Free online film school designed with beginning filmmakers in mind.


Aside: How She Really Feels

I'm sure eventually Yamada will tell you how she feels. How could she not?

Then we hold on this shot for a moment, letting the irony sink in. See, this girl's been holding back her secret feelings from him for about as long as she's been alive.

Sometimes you gotta give you audience a chance to get it. Taking an uncomfortably long time to get to the next moment nudges your viewers to recognize what's going on underneath.

 ~Luke Holzmann
Your Media Production Mentor


Bookend the Montage of Change

We know that with just a glance we can show the audience exactly what's going on in our character's head. We've also seen how alcohol can show a character's deepest hurts. But often we need to get a character (not to mention the audience) from one state of mind to another in a very brief amount of time. Enter the montage. These sequences of images and moments can cover a tremendous amount of ground in very little time. And if you want your audience to know that the character has changed, it's simple. Use a bookend to flip your character's development from one side to the opposite.


Have your character politely refuse a drink at the start of the sequence.


Run through stuff that shows she is getting caught up in this new life. Then, end with a shot of her and a glass of champagne.

The Start of the End

It's that simple.

 ~Luke Holzmann
Your Media Production Mentor


How Cardboard Can Save Your Shot

Cardboard "cookies" can help you produce some amazing lighting effects, like the photo I shared back in 2008:

A Light and a Cookie

Just as often you need large pieces of cardboard to block unwanted light. Back in my college days we used a box to block a window to make it look like night in the room:

Blocking Light from a Window

So I was a little surprised to see a shot from a 2013 film completely ruined by unwanted light. It took me a moment to figure out why the shot felt so odd. It was raining and the image was "off" somehow. What was it?

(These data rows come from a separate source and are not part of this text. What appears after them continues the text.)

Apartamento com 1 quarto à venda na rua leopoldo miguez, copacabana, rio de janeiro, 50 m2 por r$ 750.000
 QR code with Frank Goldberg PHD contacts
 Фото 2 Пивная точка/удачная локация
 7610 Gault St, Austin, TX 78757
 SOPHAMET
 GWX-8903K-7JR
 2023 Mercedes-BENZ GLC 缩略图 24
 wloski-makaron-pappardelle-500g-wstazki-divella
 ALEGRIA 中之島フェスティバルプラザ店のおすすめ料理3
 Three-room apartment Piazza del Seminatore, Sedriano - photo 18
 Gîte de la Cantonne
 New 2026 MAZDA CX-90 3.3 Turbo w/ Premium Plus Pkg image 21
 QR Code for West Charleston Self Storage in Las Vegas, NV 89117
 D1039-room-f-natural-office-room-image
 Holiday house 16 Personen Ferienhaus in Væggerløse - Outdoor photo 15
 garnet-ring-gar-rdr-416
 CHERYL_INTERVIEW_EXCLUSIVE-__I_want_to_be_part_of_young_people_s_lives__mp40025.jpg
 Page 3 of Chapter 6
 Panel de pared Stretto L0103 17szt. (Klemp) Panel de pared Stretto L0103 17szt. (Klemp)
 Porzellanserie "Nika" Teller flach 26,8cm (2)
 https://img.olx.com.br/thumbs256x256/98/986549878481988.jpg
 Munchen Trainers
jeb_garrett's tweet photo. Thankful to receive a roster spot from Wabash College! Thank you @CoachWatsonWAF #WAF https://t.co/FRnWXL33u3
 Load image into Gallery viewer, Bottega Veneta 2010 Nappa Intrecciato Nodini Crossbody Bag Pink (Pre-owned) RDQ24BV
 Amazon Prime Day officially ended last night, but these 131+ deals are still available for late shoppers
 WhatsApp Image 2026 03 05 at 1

I've lived in Colorado long enough to have experienced sunshowers, but this wasn't one. The main character kept moving in an out of the shadow, causing the distracting harsh light to be all the more distracting. They could have "sold" the shot by simply getting a large piece of cardboard to cast a shadow where he was standing.

Or have him take four steps back into the shadows.

Remember: Simply spraying your actors with water does not "sell" rain. Watch for the little details and fix them. Sometimes it's as easy as getting a piece of cardboard.